(Beginning of Provided data)

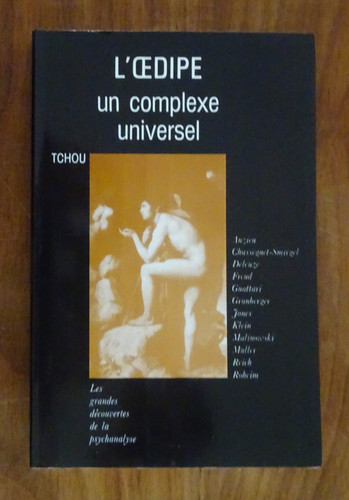 Oedipe complexe universel - un,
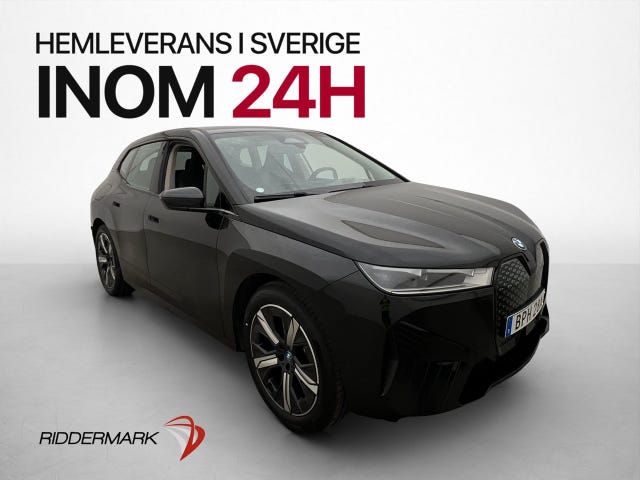 BMW iX 2023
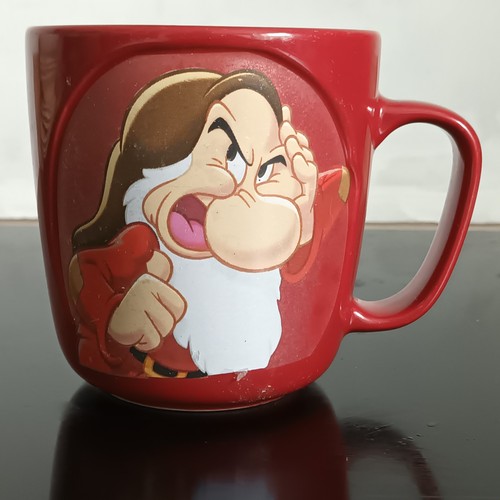 Disney grumpy seven - disney, dwarves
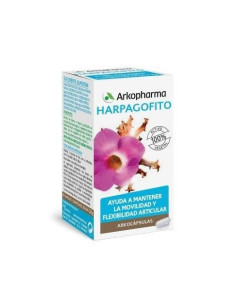 ARKOCAPSULAS HARPAGOFITO 435 MG 48 CAPSULAS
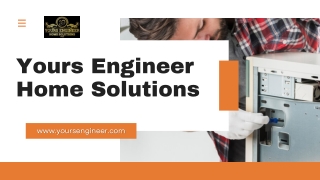 Local Refrigerator Repair Service Near Me - Yours Engineer Home Solutions
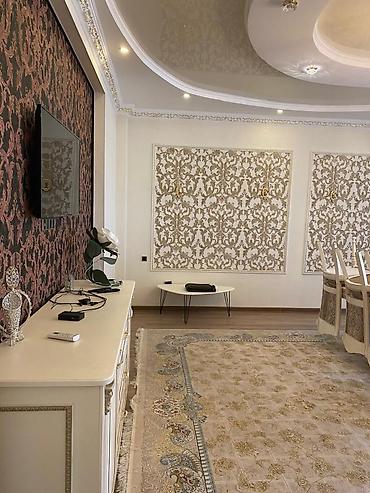 Продажа квартир: 4 комнаты, 180 м², Элитка, Пентхаус этаж, Евроремонт — 4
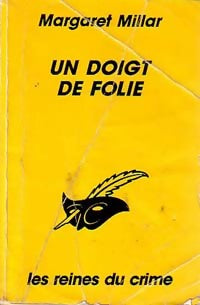 Livrenpoche : Un doigt de folie - Margaret Millar - Livre
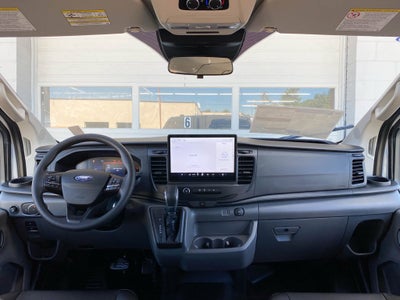 2027 Ford Transit Passenger Wagon XL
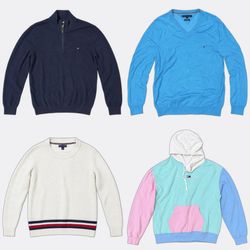 Tommy Hilfiger Suéteres e Moletons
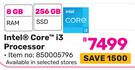 HP Intel Core i3 Processor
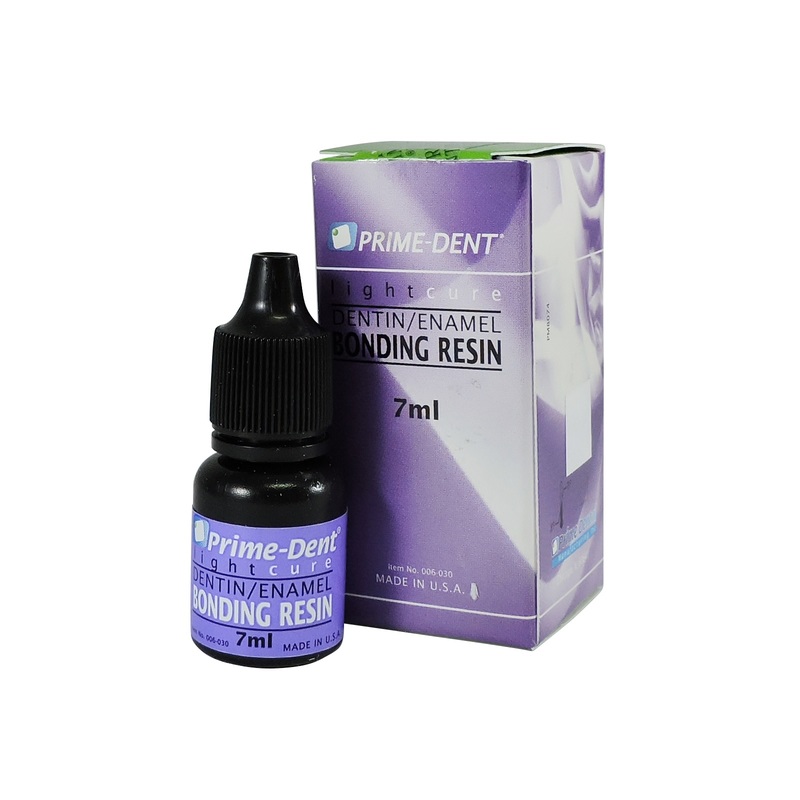 One-Step Dentin/Enamel Bonding Adhesive, 7 mL Bottle, Light-Cure, 006-030 - One-Step Dentin/Enamel Bonding Adhesive, 7 mL Bottle, Light-Cure, 006-030 - Image 1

(End of Provided data)

Return exactly the lines that begin with the one containing "ARKOCAPSULAS HARPAGOFITO 435 MG 48 CAPSULAS" and end with the final line of the data above; include no pictures.

- **Task output**
 ARKOCAPSULAS HARPAGOFITO 435 MG 48 CAPSULAS
 Local Refrigerator Repair Service Near Me - Yours Engineer Home Solutions
 Продажа квартир: 4 комнаты, 180 м², Элитка, Пентхаус этаж, Евроремонт — 4
 Livrenpoche : Un doigt de folie - Margaret Millar - Livre
 2027 Ford Transit Passenger Wagon XL
 Tommy Hilfiger Suéteres e Moletons
 HP Intel Core i3 Processor
 One-Step Dentin/Enamel Bonding Adhesive, 7 mL Bottle, Light-Cure, 006-030 - One-Step Dentin/Enamel Bonding Adhesive, 7 mL Bottle, Light-Cure, 006-030 - Image 1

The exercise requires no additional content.